Data extracted from a collection:
• • • • •

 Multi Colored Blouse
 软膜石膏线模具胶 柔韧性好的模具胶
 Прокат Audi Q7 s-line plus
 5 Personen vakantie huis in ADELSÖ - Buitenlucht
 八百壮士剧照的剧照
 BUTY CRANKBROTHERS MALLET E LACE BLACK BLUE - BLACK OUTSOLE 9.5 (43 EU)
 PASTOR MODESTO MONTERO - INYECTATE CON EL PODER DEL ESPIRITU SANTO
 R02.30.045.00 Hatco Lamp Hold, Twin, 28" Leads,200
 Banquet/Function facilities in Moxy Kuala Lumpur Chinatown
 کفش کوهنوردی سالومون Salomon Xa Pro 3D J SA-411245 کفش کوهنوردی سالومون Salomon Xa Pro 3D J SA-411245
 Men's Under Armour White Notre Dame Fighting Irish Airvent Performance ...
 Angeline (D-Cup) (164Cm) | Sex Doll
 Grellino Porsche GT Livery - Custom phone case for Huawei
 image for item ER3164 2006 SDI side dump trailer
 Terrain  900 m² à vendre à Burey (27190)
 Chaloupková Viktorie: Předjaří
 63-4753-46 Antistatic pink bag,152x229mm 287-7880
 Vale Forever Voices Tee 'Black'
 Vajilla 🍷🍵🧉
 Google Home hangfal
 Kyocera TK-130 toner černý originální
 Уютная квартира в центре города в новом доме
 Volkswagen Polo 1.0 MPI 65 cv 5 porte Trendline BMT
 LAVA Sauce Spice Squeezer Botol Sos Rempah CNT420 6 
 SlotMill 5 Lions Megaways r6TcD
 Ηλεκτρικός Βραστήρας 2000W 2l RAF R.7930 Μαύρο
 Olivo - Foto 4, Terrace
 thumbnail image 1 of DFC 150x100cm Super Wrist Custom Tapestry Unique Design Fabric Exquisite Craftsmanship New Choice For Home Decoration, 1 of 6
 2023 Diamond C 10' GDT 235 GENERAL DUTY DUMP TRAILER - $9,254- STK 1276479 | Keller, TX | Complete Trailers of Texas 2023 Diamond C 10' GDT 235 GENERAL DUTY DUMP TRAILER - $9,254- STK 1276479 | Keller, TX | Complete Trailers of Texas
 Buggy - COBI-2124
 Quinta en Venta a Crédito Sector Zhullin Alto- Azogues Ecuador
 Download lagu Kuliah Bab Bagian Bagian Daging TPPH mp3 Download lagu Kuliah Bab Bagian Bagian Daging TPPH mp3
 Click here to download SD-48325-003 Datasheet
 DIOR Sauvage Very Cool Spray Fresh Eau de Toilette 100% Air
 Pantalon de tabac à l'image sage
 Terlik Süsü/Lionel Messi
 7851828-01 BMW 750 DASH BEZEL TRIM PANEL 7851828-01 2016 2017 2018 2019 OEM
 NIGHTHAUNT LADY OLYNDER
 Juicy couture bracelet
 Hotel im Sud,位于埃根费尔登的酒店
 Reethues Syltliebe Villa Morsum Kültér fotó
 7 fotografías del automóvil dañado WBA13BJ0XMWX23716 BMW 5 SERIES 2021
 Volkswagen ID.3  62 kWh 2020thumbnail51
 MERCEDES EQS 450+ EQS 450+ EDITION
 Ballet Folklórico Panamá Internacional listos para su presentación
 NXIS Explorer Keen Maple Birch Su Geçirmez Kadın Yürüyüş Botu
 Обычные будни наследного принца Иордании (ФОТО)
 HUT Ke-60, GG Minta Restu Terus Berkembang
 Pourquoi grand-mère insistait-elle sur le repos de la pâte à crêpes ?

• • • • •

▶ **Exercise**: What is needed is a full, exact copy of the records.

▶ **Your response**:
 Multi Colored Blouse
 软膜石膏线模具胶 柔韧性好的模具胶
 Прокат Audi Q7 s-line plus
 5 Personen vakantie huis in ADELSÖ - Buitenlucht
 八百壮士剧照的剧照
 BUTY CRANKBROTHERS MALLET E LACE BLACK BLUE - BLACK OUTSOLE 9.5 (43 EU)
 PASTOR MODESTO MONTERO - INYECTATE CON EL PODER DEL ESPIRITU SANTO
 R02.30.045.00 Hatco Lamp Hold, Twin, 28" Leads,200
 Banquet/Function facilities in Moxy Kuala Lumpur Chinatown
 کفش کوهنوردی سالومون Salomon Xa Pro 3D J SA-411245 کفش کوهنوردی سالومون Salomon Xa Pro 3D J SA-411245
 Men's Under Armour White Notre Dame Fighting Irish Airvent Performance ...
 Angeline (D-Cup) (164Cm) | Sex Doll
 Grellino Porsche GT Livery - Custom phone case for Huawei
 image for item ER3164 2006 SDI side dump trailer
 Terrain  900 m² à vendre à Burey (27190)
 Chaloupková Viktorie: Předjaří
 63-4753-46 Antistatic pink bag,152x229mm 287-7880
 Vale Forever Voices Tee 'Black'
 Vajilla 🍷🍵🧉
 Google Home hangfal
 Kyocera TK-130 toner černý originální
 Уютная квартира в центре города в новом доме
 Volkswagen Polo 1.0 MPI 65 cv 5 porte Trendline BMT
 LAVA Sauce Spice Squeezer Botol Sos Rempah CNT420 6 
 SlotMill 5 Lions Megaways r6TcD
 Ηλεκτρικός Βραστήρας 2000W 2l RAF R.7930 Μαύρο
 Olivo - Foto 4, Terrace
 thumbnail image 1 of DFC 150x100cm Super Wrist Custom Tapestry Unique Design Fabric Exquisite Craftsmanship New Choice For Home Decoration, 1 of 6
 2023 Diamond C 10' GDT 235 GENERAL DUTY DUMP TRAILER - $9,254- STK 1276479 | Keller, TX | Complete Trailers of Texas 2023 Diamond C 10' GDT 235 GENERAL DUTY DUMP TRAILER - $9,254- STK 1276479 | Keller, TX | Complete Trailers of Texas
 Buggy - COBI-2124
 Quinta en Venta a Crédito Sector Zhullin Alto- Azogues Ecuador
 Download lagu Kuliah Bab Bagian Bagian Daging TPPH mp3 Download lagu Kuliah Bab Bagian Bagian Daging TPPH mp3
 Click here to download SD-48325-003 Datasheet
 DIOR Sauvage Very Cool Spray Fresh Eau de Toilette 100% Air
 Pantalon de tabac à l'image sage
 Terlik Süsü/Lionel Messi
 7851828-01 BMW 750 DASH BEZEL TRIM PANEL 7851828-01 2016 2017 2018 2019 OEM
 NIGHTHAUNT LADY OLYNDER
 Juicy couture bracelet
 Hotel im Sud,位于埃根费尔登的酒店
 Reethues Syltliebe Villa Morsum Kültér fotó
 7 fotografías del automóvil dañado WBA13BJ0XMWX23716 BMW 5 SERIES 2021
 Volkswagen ID.3  62 kWh 2020thumbnail51
 MERCEDES EQS 450+ EQS 450+ EDITION
 Ballet Folklórico Panamá Internacional listos para su presentación
 NXIS Explorer Keen Maple Birch Su Geçirmez Kadın Yürüyüş Botu
 Обычные будни наследного принца Иордании (ФОТО)
 HUT Ke-60, GG Minta Restu Terus Berkembang
 Pourquoi grand-mère insistait-elle sur le repos de la pâte à crêpes ?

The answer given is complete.